Die Krankheit nahm mich arg mit. Ich wünschte mir so sehr, dass meine Verwandten um mich herum wuselten, dass Kinder auf mir herumtrampelten und laut plärrend durch den Gang liefen. Jemanden, der mir eine Tasse heißen afrikanischen Brei kochen oder sogar ein Glas Wasser reichen würde. Der mich immer wieder fragte, ob es mir an etwas fehle. Mir wurde klar, dass ich meine 30 verrückten, nörgelnden, liebevollen Verwandten vermisste.

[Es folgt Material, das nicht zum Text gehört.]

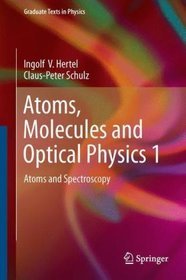 Atoms, Molecules and Optical Physics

In solchen Momenten kommt nicht selten meine 31. Verwandte zur Tür hereingehopst: Meine vierjährige Tochter Taliah, die recht ansteckend sein kann. Auch aus viraler Sicht. Sie tollte in diesen Wochen trotz Infektion munter durch die Wohnung. Ich kann nicht sagen, wie oft sie mit ihrem Spielzeug-Arztköfferchen ins Schlafzimmer spaziert ist, um mir Injektionen zu verabreichen - auch wenn in der Plastikspritze nur Wasser war. Sie forderte mich auf, aufzustehen und mit in ihre Spielzeugküche zu kommen. Natürlich musste ich überzeugend kauen, weil sie dort etwas für mich "zubereitet" hatte. Pommes aus Plastik. Vielleicht war das von allem die beste Medizin.